Strict bicategories

A bicategory is called Strict if the left unitors, the right unitors, and the associators are isomorphisms given by equalities.

Implementation notes

In the literature of category theory, a strict bicategory (usually called a strict 2-category) is often defined as a bicategory whose left unitors, right unitors, and associators are identities. We cannot use this definition directly here since the types of 2-morphisms depend on 1-morphisms. For this reason, we use eqToIso, which gives isomorphisms from equalities, instead of identities.

class CategoryTheory.Bicategory.Strict (B : Type u) [Bicategory B] : Prop

A bicategory is called Strict if the left unitors, the right unitors, and the associators are isomorphisms given by equalities.

• id_comp {a b : B} (f : a ⟶ b) : CategoryStruct.comp (CategoryStruct.id a) f = f

  Identity morphisms are left identities for composition.

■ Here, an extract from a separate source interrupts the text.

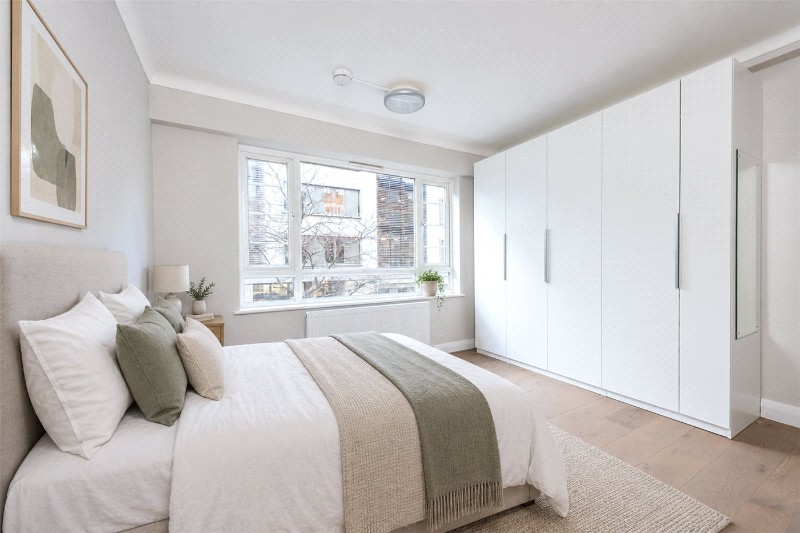 Woodlands Gate, Woodlands Way, London, SW15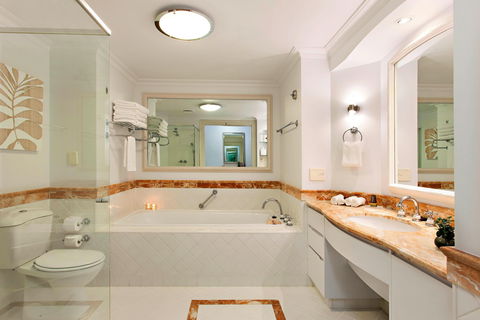 Marriott Vacation Club-Surfers Paradise - Goulburn Accommodation 2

• comp_id {a b : B} (f : a ⟶ b) : CategoryStruct.comp f (CategoryStruct.id b) = f

  Identity morphisms are right identities for composition.

• assoc {a b c d : B} (f : a ⟶ b) (g : b ⟶ c) (h : c ⟶ d) : CategoryStruct.comp (CategoryStruct.comp f g) h = CategoryStruct.comp f (CategoryStruct.comp g h)

  Composition in a bicategory is associative.

• leftUnitor_eqToIso {a b : B} (f : a ⟶ b) : leftUnitor f = eqToIso ⋯

  The left unitors are given by equalities

• rightUnitor_eqToIso {a b : B} (f : a ⟶ b) : rightUnitor f = eqToIso ⋯

  The right unitors are given by equalities

• associator_eqToIso {a b c d : B} (f : a ⟶ b) (g : b ⟶ c) (h : c ⟶ d) : associator f g h = eqToIso ⋯

  The associators are given by equalities

@[instance 100]

instance CategoryTheory.StrictBicategory.category (B : Type u) [Bicategory B] [Bicategory.Strict B] : Category.{v, u} B

Category structure on a strict bicategory

Equations

• CategoryTheory.StrictBicategory.category B = { toCategoryStruct := inst✝¹.toCategoryStruct, id_comp := ⋯, comp_id := ⋯, assoc := ⋯ }

@[simp]

theorem CategoryTheory.Bicategory.whiskerLeft_eqToHom {B : Type u} [Bicategory B] {a b c : B} (f : a ⟶ b) {g h : b ⟶ c} (η : g = h) : whiskerLeft f (eqToHom η) = eqToHom ⋯

@[simp]

theorem CategoryTheory.Bicategory.eqToHom_whiskerRight {B : Type u} [Bicategory B] {a b c : B} {f g : a ⟶ b} (η : f = g) (h : b ⟶ c) : whiskerRight (eqToHom η) h = eqToHom ⋯